● **Exercise material**

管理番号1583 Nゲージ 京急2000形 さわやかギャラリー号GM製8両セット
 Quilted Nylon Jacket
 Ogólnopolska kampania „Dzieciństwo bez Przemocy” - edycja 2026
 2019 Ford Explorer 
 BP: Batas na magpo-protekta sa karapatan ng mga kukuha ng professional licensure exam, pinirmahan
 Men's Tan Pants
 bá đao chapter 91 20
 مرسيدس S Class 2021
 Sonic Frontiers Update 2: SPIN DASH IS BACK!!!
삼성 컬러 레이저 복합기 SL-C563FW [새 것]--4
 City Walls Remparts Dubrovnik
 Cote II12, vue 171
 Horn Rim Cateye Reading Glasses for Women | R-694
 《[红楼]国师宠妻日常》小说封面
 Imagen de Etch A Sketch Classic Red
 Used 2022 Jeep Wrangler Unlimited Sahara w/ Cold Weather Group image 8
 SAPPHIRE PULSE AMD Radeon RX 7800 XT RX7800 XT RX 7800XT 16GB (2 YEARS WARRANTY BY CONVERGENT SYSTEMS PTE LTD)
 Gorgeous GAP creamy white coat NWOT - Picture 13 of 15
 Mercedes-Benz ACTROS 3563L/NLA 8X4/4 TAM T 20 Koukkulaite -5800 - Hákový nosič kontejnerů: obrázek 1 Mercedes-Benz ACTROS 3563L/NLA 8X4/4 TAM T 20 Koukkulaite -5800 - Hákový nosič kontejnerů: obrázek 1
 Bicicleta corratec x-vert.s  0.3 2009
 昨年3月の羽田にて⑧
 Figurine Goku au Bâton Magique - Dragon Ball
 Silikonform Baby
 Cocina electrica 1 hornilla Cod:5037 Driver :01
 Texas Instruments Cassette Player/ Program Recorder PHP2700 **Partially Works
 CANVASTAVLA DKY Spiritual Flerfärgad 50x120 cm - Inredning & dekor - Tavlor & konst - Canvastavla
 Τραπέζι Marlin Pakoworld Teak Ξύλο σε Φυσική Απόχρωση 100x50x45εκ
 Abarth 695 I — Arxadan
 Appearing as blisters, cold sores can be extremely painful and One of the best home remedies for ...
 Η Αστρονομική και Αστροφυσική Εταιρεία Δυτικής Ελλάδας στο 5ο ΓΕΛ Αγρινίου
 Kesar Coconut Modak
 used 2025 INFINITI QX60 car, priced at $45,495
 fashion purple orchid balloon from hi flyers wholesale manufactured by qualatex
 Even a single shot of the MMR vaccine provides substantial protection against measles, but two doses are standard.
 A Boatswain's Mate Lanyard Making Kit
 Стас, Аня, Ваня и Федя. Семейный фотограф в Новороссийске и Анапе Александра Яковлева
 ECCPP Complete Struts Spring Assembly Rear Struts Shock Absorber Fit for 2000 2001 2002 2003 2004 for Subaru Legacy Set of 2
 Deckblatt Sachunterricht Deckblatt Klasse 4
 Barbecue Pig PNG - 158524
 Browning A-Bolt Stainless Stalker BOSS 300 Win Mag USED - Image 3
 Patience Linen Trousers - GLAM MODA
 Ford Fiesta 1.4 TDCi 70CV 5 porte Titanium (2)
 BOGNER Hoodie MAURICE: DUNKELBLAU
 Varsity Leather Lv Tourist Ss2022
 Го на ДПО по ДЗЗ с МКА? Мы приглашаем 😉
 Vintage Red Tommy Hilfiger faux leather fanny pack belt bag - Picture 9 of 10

● **What you have to do**
Transcribe all of the records above without altering anything.

● **Task result**
管理番号1583 Nゲージ 京急2000形 さわやかギャラリー号GM製8両セット
 Quilted Nylon Jacket
 Ogólnopolska kampania „Dzieciństwo bez Przemocy” - edycja 2026
 2019 Ford Explorer 
 BP: Batas na magpo-protekta sa karapatan ng mga kukuha ng professional licensure exam, pinirmahan
 Men's Tan Pants
 bá đao chapter 91 20
 مرسيدس S Class 2021
 Sonic Frontiers Update 2: SPIN DASH IS BACK!!!
삼성 컬러 레이저 복합기 SL-C563FW [새 것]--4
 City Walls Remparts Dubrovnik
 Cote II12, vue 171
 Horn Rim Cateye Reading Glasses for Women | R-694
 《[红楼]国师宠妻日常》小说封面
 Imagen de Etch A Sketch Classic Red
 Used 2022 Jeep Wrangler Unlimited Sahara w/ Cold Weather Group image 8
 SAPPHIRE PULSE AMD Radeon RX 7800 XT RX7800 XT RX 7800XT 16GB (2 YEARS WARRANTY BY CONVERGENT SYSTEMS PTE LTD)
 Gorgeous GAP creamy white coat NWOT - Picture 13 of 15
 Mercedes-Benz ACTROS 3563L/NLA 8X4/4 TAM T 20 Koukkulaite -5800 - Hákový nosič kontejnerů: obrázek 1 Mercedes-Benz ACTROS 3563L/NLA 8X4/4 TAM T 20 Koukkulaite -5800 - Hákový nosič kontejnerů: obrázek 1
 Bicicleta corratec x-vert.s  0.3 2009
 昨年3月の羽田にて⑧
 Figurine Goku au Bâton Magique - Dragon Ball
 Silikonform Baby
 Cocina electrica 1 hornilla Cod:5037 Driver :01
 Texas Instruments Cassette Player/ Program Recorder PHP2700 **Partially Works
 CANVASTAVLA DKY Spiritual Flerfärgad 50x120 cm - Inredning & dekor - Tavlor & konst - Canvastavla
 Τραπέζι Marlin Pakoworld Teak Ξύλο σε Φυσική Απόχρωση 100x50x45εκ
 Abarth 695 I — Arxadan
 Appearing as blisters, cold sores can be extremely painful and One of the best home remedies for ...
 Η Αστρονομική και Αστροφυσική Εταιρεία Δυτικής Ελλάδας στο 5ο ΓΕΛ Αγρινίου
 Kesar Coconut Modak
 used 2025 INFINITI QX60 car, priced at $45,495
 fashion purple orchid balloon from hi flyers wholesale manufactured by qualatex
 Even a single shot of the MMR vaccine provides substantial protection against measles, but two doses are standard.
 A Boatswain's Mate Lanyard Making Kit
 Стас, Аня, Ваня и Федя. Семейный фотограф в Новороссийске и Анапе Александра Яковлева
 ECCPP Complete Struts Spring Assembly Rear Struts Shock Absorber Fit for 2000 2001 2002 2003 2004 for Subaru Legacy Set of 2
 Deckblatt Sachunterricht Deckblatt Klasse 4
 Barbecue Pig PNG - 158524
 Browning A-Bolt Stainless Stalker BOSS 300 Win Mag USED - Image 3
 Patience Linen Trousers - GLAM MODA
 Ford Fiesta 1.4 TDCi 70CV 5 porte Titanium (2)
 BOGNER Hoodie MAURICE: DUNKELBLAU
 Varsity Leather Lv Tourist Ss2022
 Го на ДПО по ДЗЗ с МКА? Мы приглашаем 😉
 Vintage Red Tommy Hilfiger faux leather fanny pack belt bag - Picture 9 of 10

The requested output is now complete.